What has gone wrong? The study explored the changes in the amount of salt intake, body weight and level of physical activity among the study-participants. The level of physical activity has gone up and, therefore, the culprits, according to the research, must have been increased salt intake and increase in body mass index. The intake of over five grams of salt, considered the cut-off range for an adult, had indeed gone up from among 55 per cent of the villagers to 89 per cent during this period. Similarly, people had gotten fatter.

While this study strongly indicated dangerous increase in hypertension in Nepal, its explanations, however, are inadequate for serious public policy interventions for two reasons. First, the increase in salt intake itself requires different levels of explanations. The study conjectures that the consumption of processed food might be behind this. The consumption of readymade noodles and a variety of chips has indeed shot up across the country. But we also need to explore how the food processing industry has been able to use dangerous levels of salt. That takes us to the power this industry wields in society. The increased consumption of processed foods in Nepal has coincided with the expansion of mass media.

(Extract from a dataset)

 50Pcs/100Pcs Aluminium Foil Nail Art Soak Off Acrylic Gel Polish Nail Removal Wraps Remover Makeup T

The newspapers, television, radio and, lately, internet has flourished. Advertisements of processed food items have become one of the major sources of income for most of the private sector media. In major media houses, the marketing department is watchful of news and views that might harm revenue generating potentials. The products are routinely advertised among children as full of vitamins and other nutrients. If this trend continues, we can easily expect that this trend will continue into future.

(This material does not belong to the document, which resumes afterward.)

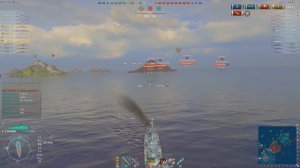 World of Warships лучший бой на топовом эсминце Паназии!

Second, the paper has also failed to explore many other plausible explanations for the rising trend of hypertension. Two among them are particularly important in Nepal. One, the air people have been breathing in Nepal's towns and cities and a lot of villages has become increasingly polluted. There have been several studies that have shown the direct link between hypertension and pollution. In a study carried out in 2008 among mice at Ohio State University Medical Center, it was found that the blood pressure level was directly affected by the level of exposure to air pollution. When the first study was carried out in Bhadrabas in 1980, it was a relatively unpolluted village and so was Kathmandu. Now things have changed drastically. Kathmandu has become one of the most polluted cities on the Earth and Bhadrabas is not far from Kathmandu. Moreover, we can safely guess that people in Bhadrabas are increasingly exposed to Kathmandu pollutants (and many other things) as they travel in and out.

The study showed that hypertension was much less prevalent among women than men. Was it natural variation? Or was it because men, because of their increased mobility outside of the village, are exposed to more city pollution-sound and air, particularly-than women? It could also be that men have been eating more processed foods as they travel outside of home.

There is another aspect of Nepali society which deserves further exploration. In a study done among white and black Americans, William Dressler found in the mid-1990s that prevalence of hypertension was much higher in blacks even after neighbourhood locations, wealth and professional standing were controlled. The discrimination based on colour, it was found, accounted for this. The historical experience of discrimination had led to disproportionately high level of psychological stress among blacks, leading to increased level of hypertension. We don't know if Bhadrabas study involved data among different social groups.

It is hard to untangle the individual causal factors involved in non-communicable diseases, but by now it has become clear that they cannot be effectively tackled without addressing the quality of food we eat, the air we breathe and the social relations we enter into. This then takes us directly to the heart of our political life. What happens to our bodies is not our individual thing alone, although some of us in society might be able to exercise greater control over our bodies than others. Our individual bodies and the body politics are intimately connected.